-- RECORDS TO PROCESS follows --
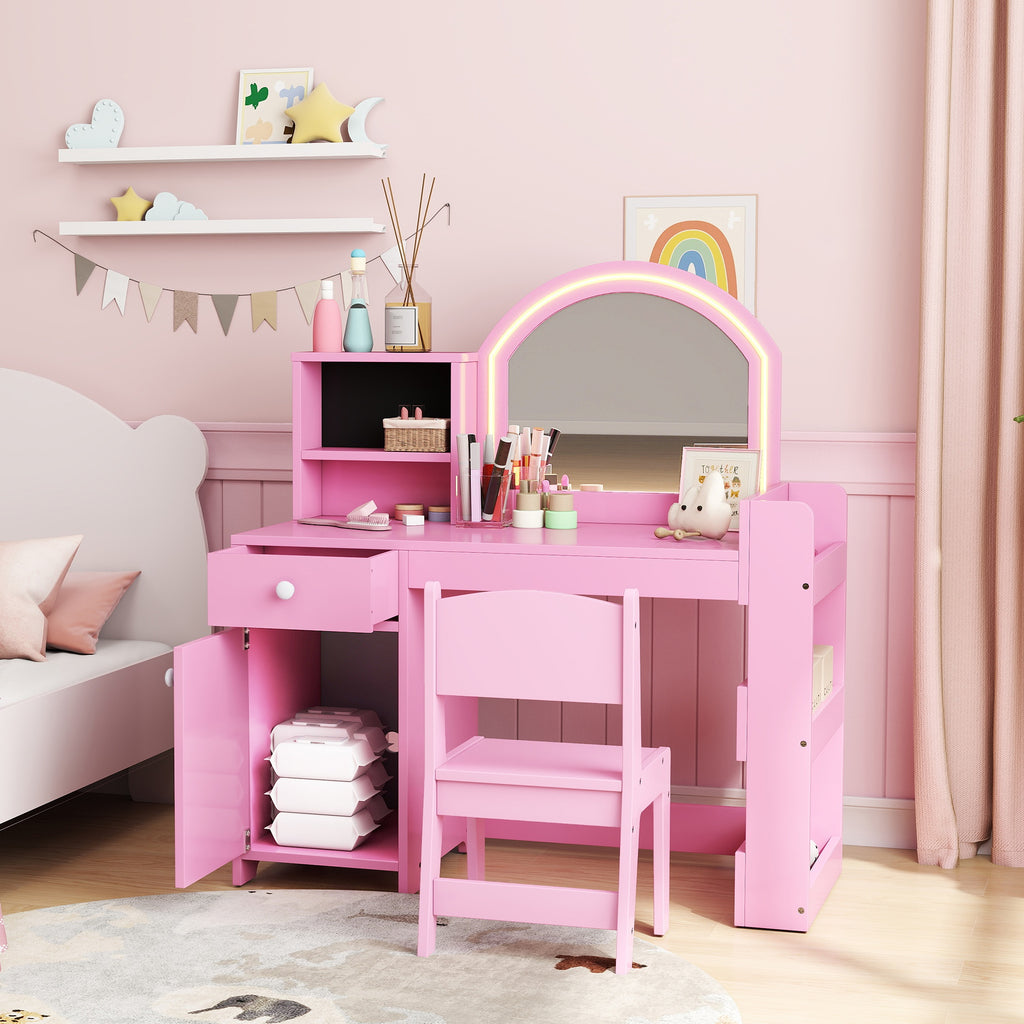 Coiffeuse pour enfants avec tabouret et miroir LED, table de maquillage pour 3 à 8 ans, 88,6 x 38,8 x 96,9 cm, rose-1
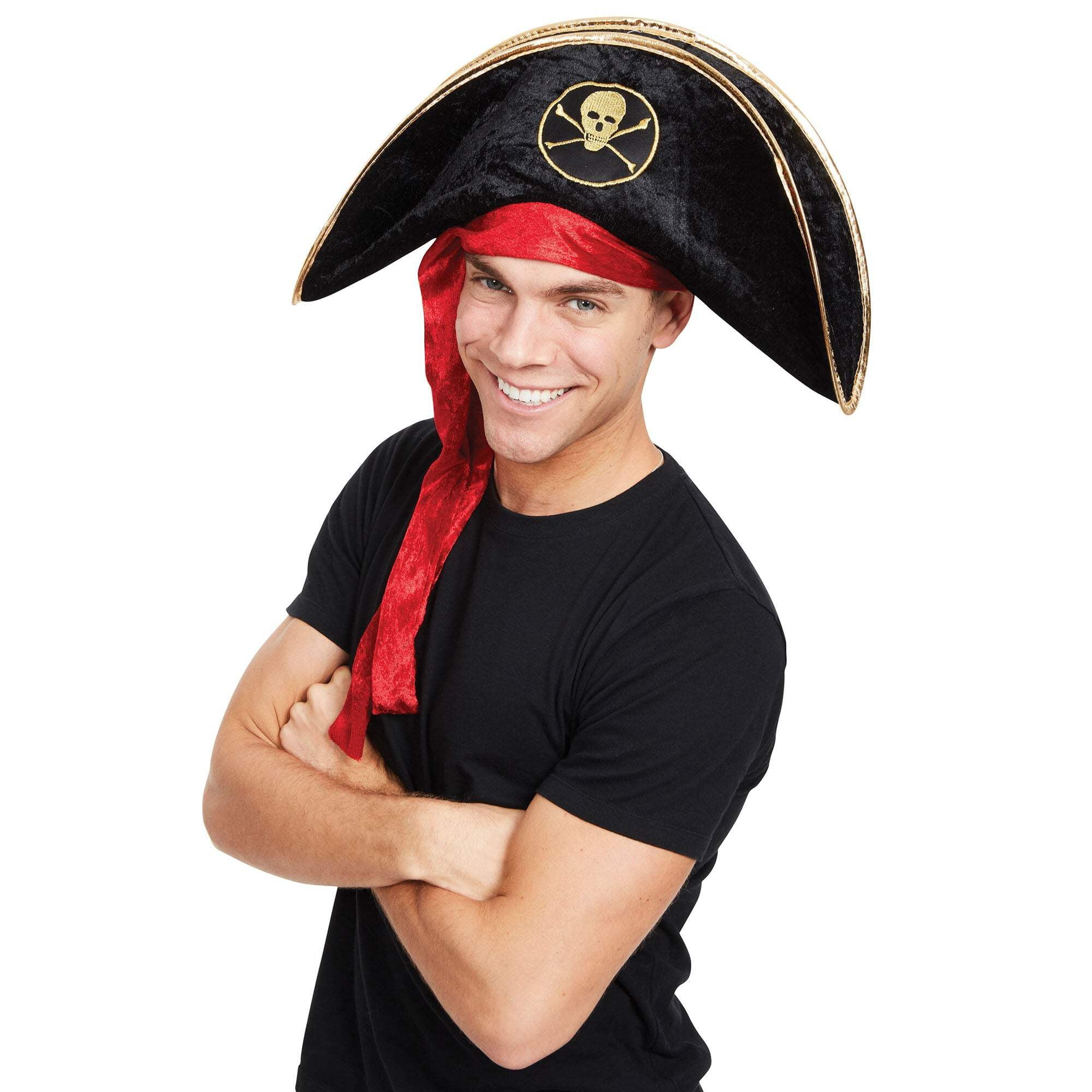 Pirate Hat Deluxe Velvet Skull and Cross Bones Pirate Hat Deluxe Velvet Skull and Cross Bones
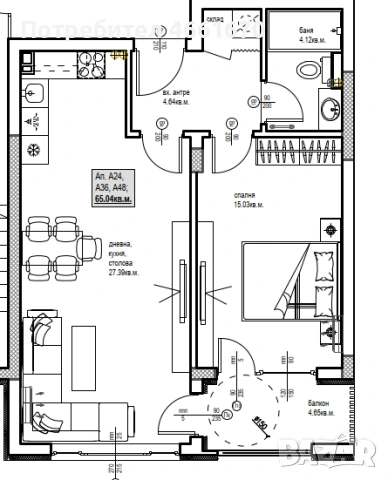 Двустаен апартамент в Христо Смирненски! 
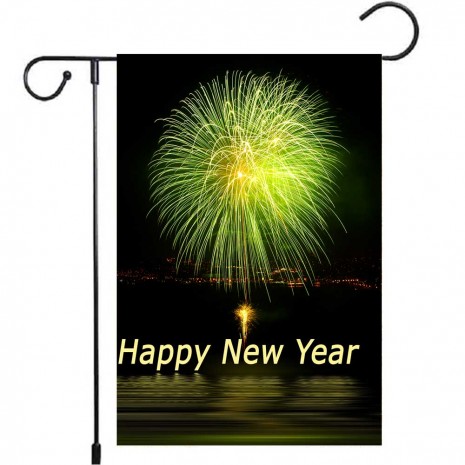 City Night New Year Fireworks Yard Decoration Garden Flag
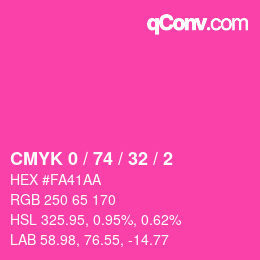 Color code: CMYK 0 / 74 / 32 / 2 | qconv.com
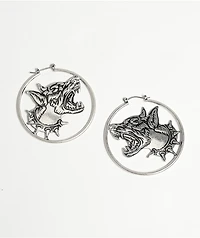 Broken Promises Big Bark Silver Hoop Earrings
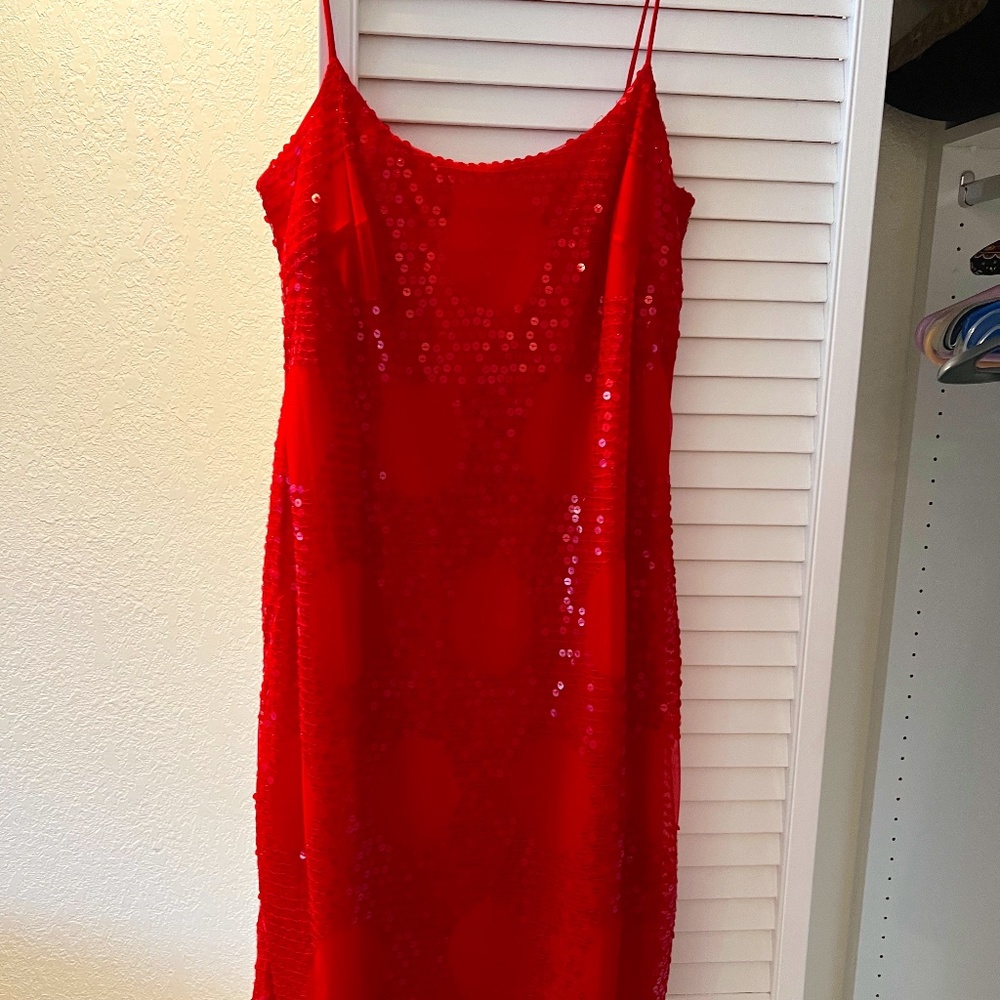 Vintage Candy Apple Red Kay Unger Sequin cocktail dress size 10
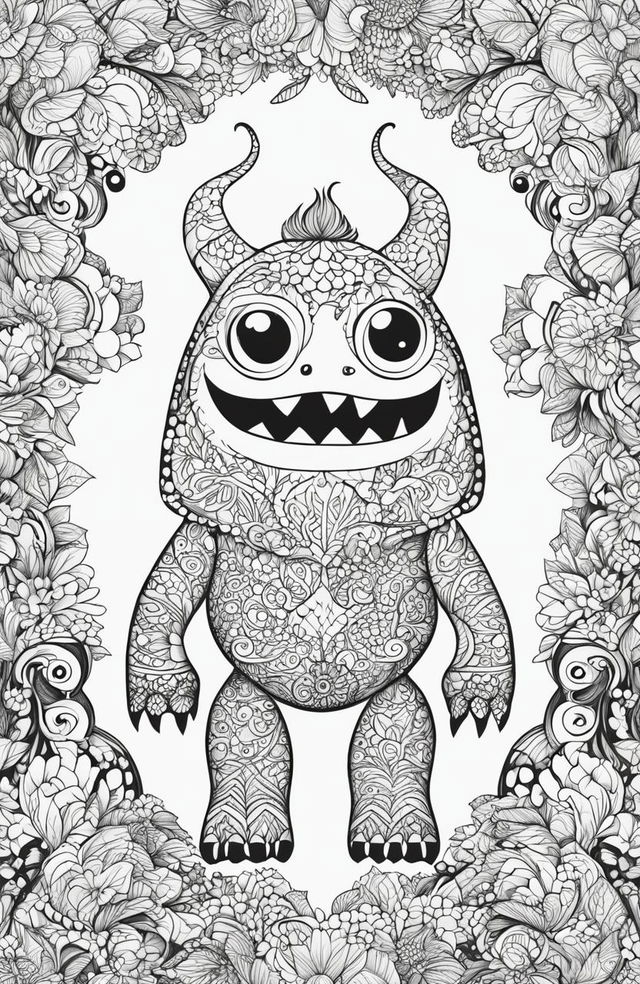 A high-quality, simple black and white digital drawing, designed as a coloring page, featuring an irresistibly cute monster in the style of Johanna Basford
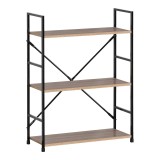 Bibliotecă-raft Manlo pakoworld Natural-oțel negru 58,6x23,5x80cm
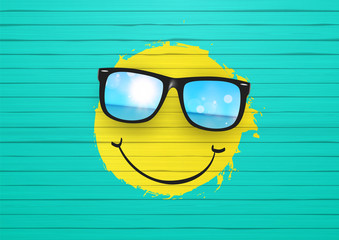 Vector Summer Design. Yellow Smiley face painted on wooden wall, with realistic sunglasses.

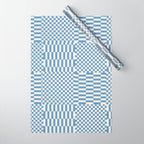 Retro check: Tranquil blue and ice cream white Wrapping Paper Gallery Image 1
-- RECORDS TO PROCESS concluded --
**THE TASK:** If a line falls between the one containing "Broken Promises Big" and the last line of the entries above, both included, reproduce it exactly; leave the pictures out.

**RESPONSE BELOW:**
 Broken Promises Big Bark Silver Hoop Earrings
 Vintage Candy Apple Red Kay Unger Sequin cocktail dress size 10
 A high-quality, simple black and white digital drawing, designed as a coloring page, featuring an irresistibly cute monster in the style of Johanna Basford
 Bibliotecă-raft Manlo pakoworld Natural-oțel negru 58,6x23,5x80cm
 Vector Summer Design. Yellow Smiley face painted on wooden wall, with realistic sunglasses.

 Retro check: Tranquil blue and ice cream white Wrapping Paper Gallery Image 1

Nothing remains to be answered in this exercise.